### Required work
Output the lines of the listing below exactly, starting at the line containing "Today my thoughts" and stopping after the last line, with any pictures dropped.

### Input data
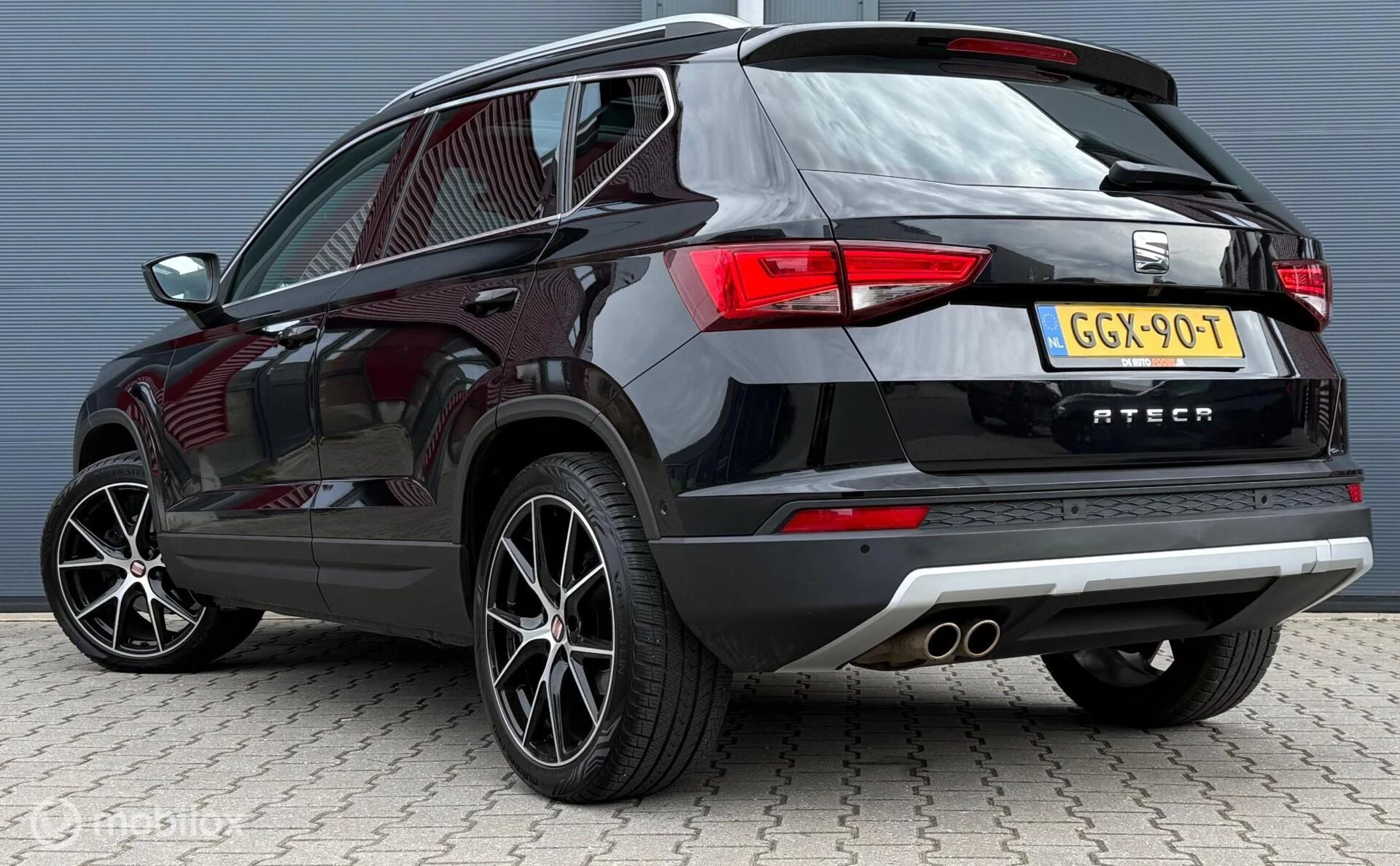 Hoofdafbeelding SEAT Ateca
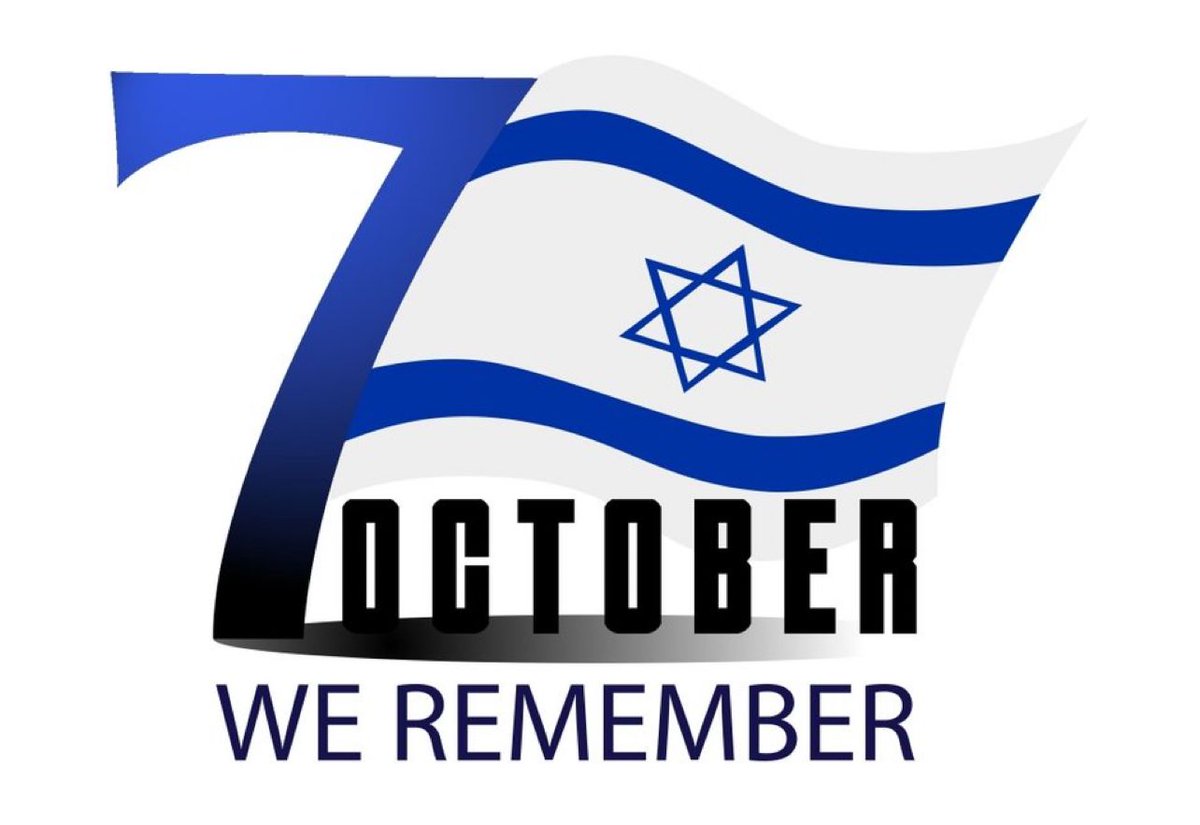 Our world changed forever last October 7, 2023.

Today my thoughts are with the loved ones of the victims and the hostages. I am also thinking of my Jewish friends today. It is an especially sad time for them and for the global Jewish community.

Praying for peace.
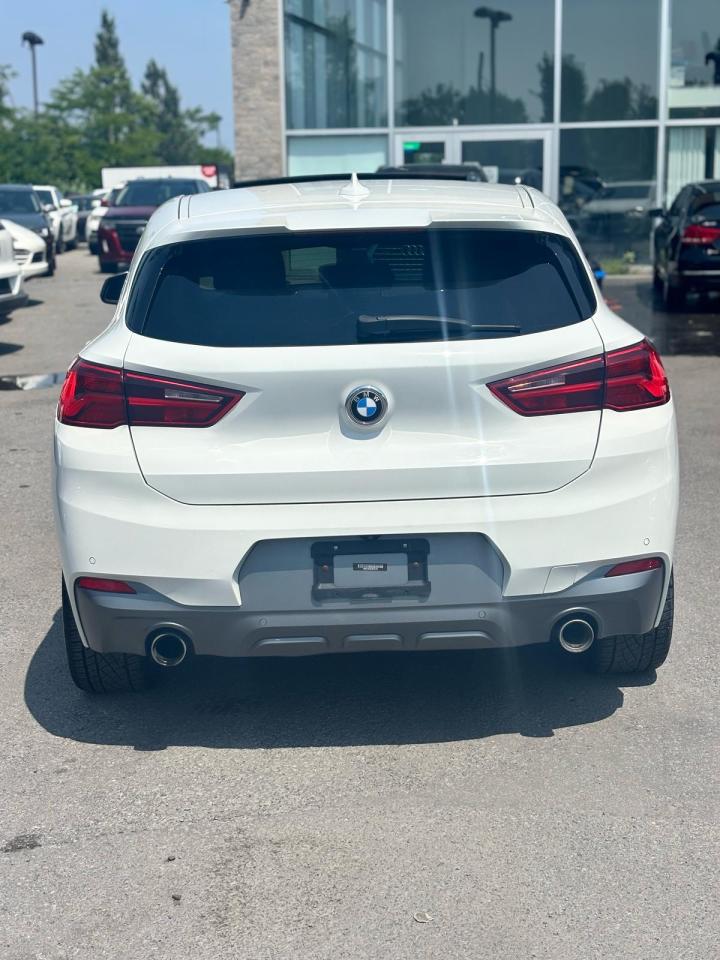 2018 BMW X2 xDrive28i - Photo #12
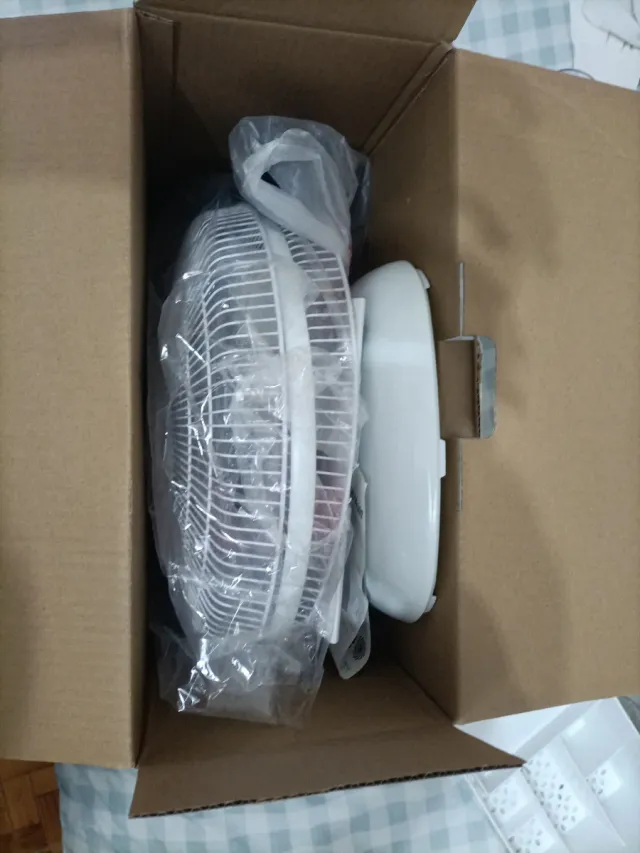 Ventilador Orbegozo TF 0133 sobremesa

### Exercise output
Today my thoughts are with the loved ones of the victims and the hostages. I am also thinking of my Jewish friends today. It is an especially sad time for them and for the global Jewish community.

Praying for peace.
 2018 BMW X2 xDrive28i - Photo #12
 Ventilador Orbegozo TF 0133 sobremesa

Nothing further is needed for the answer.